Wireless lighting control systems may utilize radio frequency (RF) communication to communicate control signals to an antenna element mounted in a light fixture. For example, a user may turn on, turn off, or dim a light using wireless control. Specifically, a user may use a portable electronic device such as, for example, a smartphone or tablet computer that includes wireless control capabilities in order to communicate with the antenna element located within the lighting fixture. For example, the portable electronic device may include Bluetooth® low energy (BLE) wireless capability in order to wirelessly communicate with one or more lighting fixtures.
A home, office, or any other building typically includes many light fixtures for illumination. A user may wish to simultaneously control two or more of the light fixtures using wireless control. For example, a user may wish to change the color, dim, turn on, or turn off all of the light fixtures in his or her living room at the same time. For security reasons, each individual lighting fixture needs to be paired to the portable electronic device before they can exchange data. Pairing occurs when one of the light fixtures and the portable electronic device become a trusted pair. To become a trusted pair, a specific discovery and authentication process should be completed. For example, the light fixtures and the portable electronic device may become a trusted pair by exchanging a protected security identification number, or passkey. Once a lighting fixture is paired with the portable electronic device, the two devices are now connected to one another. This means that the two devices may securely exchange data between one another.

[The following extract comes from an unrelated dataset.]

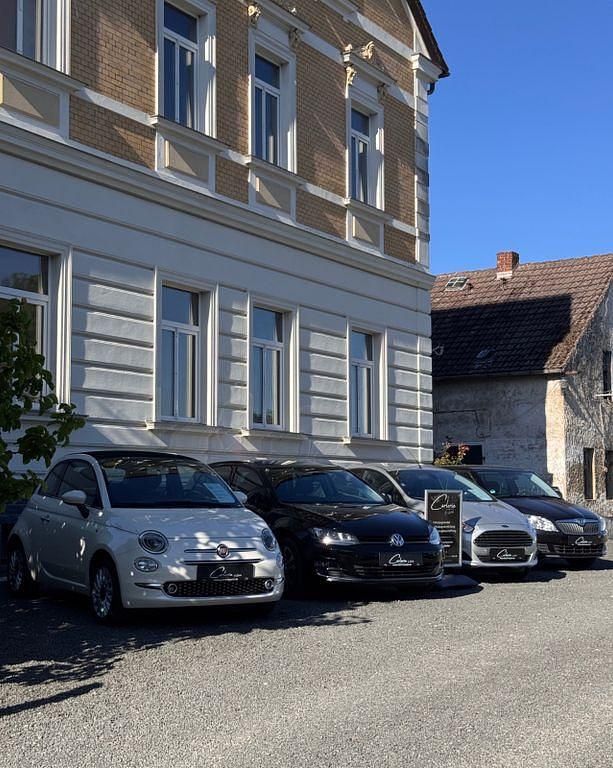 Gebraucht Ford Fiesta 101 PS (74 kW) 2014 Weiß Kleinwagen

A piconet physical channel is a network using BLE based technology protocols to allow a master device, such as the portable electronic device, to interconnect with multiple slave devices, such as the lighting fixtures. Piconet physical channels utilize frequency hopping. Specifically, each piconet physical channel includes a unique master device (e.g., the portable electronic device), where each master device has its own unique device address as well as its own clock. Therefore, each piconet physical channel will also have its own unique frequency hopping sequence. This means that when a connection between the master device and one of the slave devices is established, the clock and the unique device address of the master device may be transmitted to the slave device. The unique device address of the master device may be used to determine the sequence of frequency hops of the slave devices, and the clock of the master device may be used to determine the timing of the frequency hops of the slave devices.
Using the above-described approach, the slave devices within a piconet physical channel are able to avoid one another's transmission by persistently changing frequency channels. However, there are some drawbacks when utilizing this approach. This is because the timing of the frequency hops between the various slave devices is fixed. In particular, the timing of the frequency hop may be anywhere from about ten to twenty seconds in duration. This fixed duration may be an issue if a user wishes to simultaneously control two or more slave devices at about the same time, since it is impossible to control two lighting fixtures simultaneously. For example, if a user attempts to dim all of the lighting fixtures in his or her living room at once, each lighting fixture will actually dim one by one, in a sequential fashion. Thus, there exists a need in the art for improved, simultaneous control of wireless lighting fixtures.